Personnage populaire à l’image savamment construite s’inspirant d’une communication à l’américaine, le président sortant Andrzej Duda était il y a quelques mois encore le grand favori des sondages sans personne pour le menacer dans la course présidentielle. Mais le report des élections a notamment permis au PO de changer de candidat et de relancer sa campagne, donnant en quelques semaines un nouvel élan à son candidat, au point d’arriver au coude à coude avec le grand favori que personne ne semblait pouvoir détrôner. Rafał Trzaskowski, charismatique maire libéral de gauche de Varsovie, a ainsi presque volé la vedette à M. Duda lors de cette élection.
« La Pologne s’est cassée en deux, et indépendamment de qui sera le président, il lui faudra ressouder la nation. Ce devra être sa première priorité car, aujourd’hui, nous ressemblons plus à deux clans qu’à un pays uni, » a commenté dimanche soir l’ancien vice-premier ministre et ministre de la Justice Jarosław Gowin. La participation record de 67,86% indique d’ailleurs que l’enjeu de l’élection a mobilisé les citoyens, et cela accroît l’idée que la polarisation politique de la Pologne s’est aggravée.

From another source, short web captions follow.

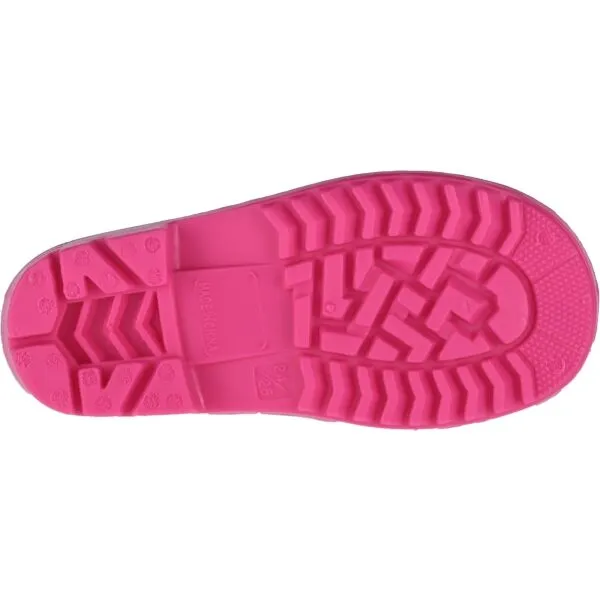 PERLETTI RAIN BOOTS Detské gumáky, ružová, veľkosť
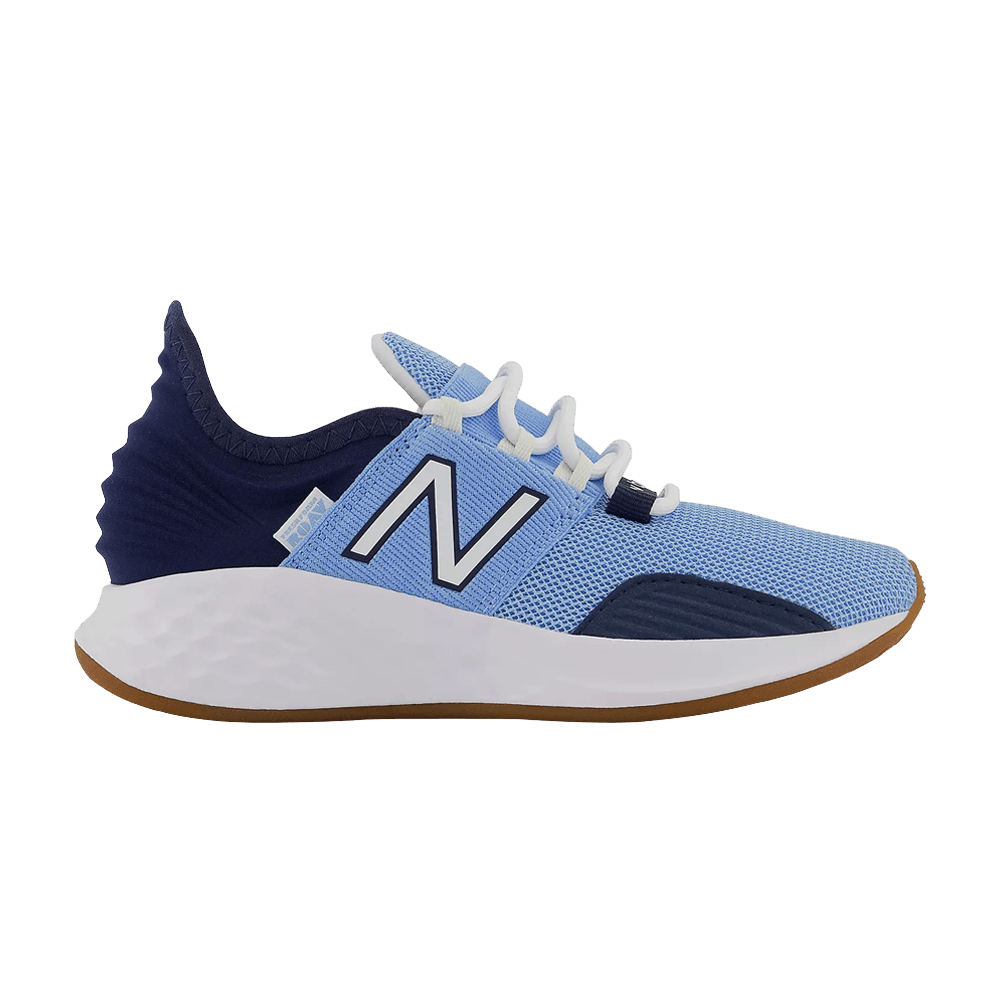 (Youth) New Balance Fresh Foam Roav Wide 'Team Carolina' PEROVGC1-W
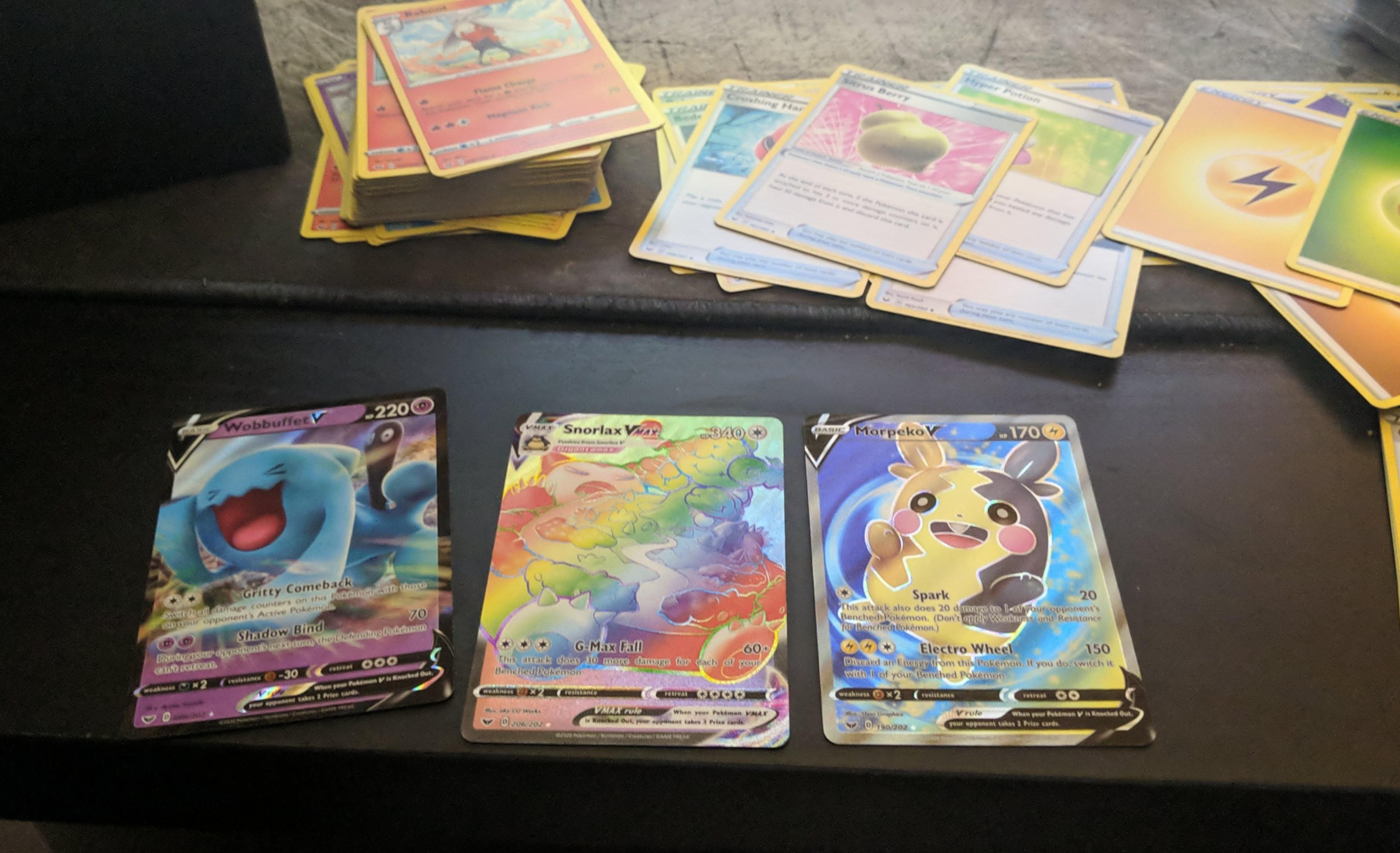 My first ETB, and my first rainbow rare pull. Hoping to trade for cards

Car si deux listes aux scores importants lors du premier tour ont voulu représenter chacune une troisième voie, elles n’ont au final pas su s’interposer dans le duel PiS-PO. Le candidat indépendant centriste Szymon Hołownia a par ailleurs appelé sans surprise à voter pour le candidat libéral et progressiste M. Trzaskowski, tandis que l’alliance de nationalistes et de libéraux de droite représentée par M. Bosak a refusé d’appeler à voter pour l’un ou pour l’autre des deux finalistes.
La Pologne apparaît plus que jamais comme une ligne de front sous tension de l’opposition des conceptions progressistes et illibérales. S’appuyant sur un électorat rural, âgé, religieux, le PiS joue peut-être sa dernière carte à trois ans des prochaines législatives. Choyant par ses politiques économique et géostratégique le terreau des électeurs progressistes (tertiaire, centre-ville, jeunes), et son électorat fondant de plus en plus vite dans ce pays vieillissant, où l’areligiosité progresse et d’où l’émigration est énorme, le PiS devra trouver rapidement comment – cela passera probablement par un changement radical dans sa stratégie de communication et de gestion de la télévision publique – reconquérir des électeurs en dehors de sa base s’il ne veut pas retourner – pour de bon ? – dans l’opposition dans trois ans. Si Andrzej Duda a gagné l’élection présidentielle, les conservateurs n’ont pas de quoi se réjouir. Cela pourrait bien être leur dernière victoire si rien ne change, le progressisme et le libéralisme sociétal avançant sans entrave majeure dans un pays par ailleurs économiquement… libéral.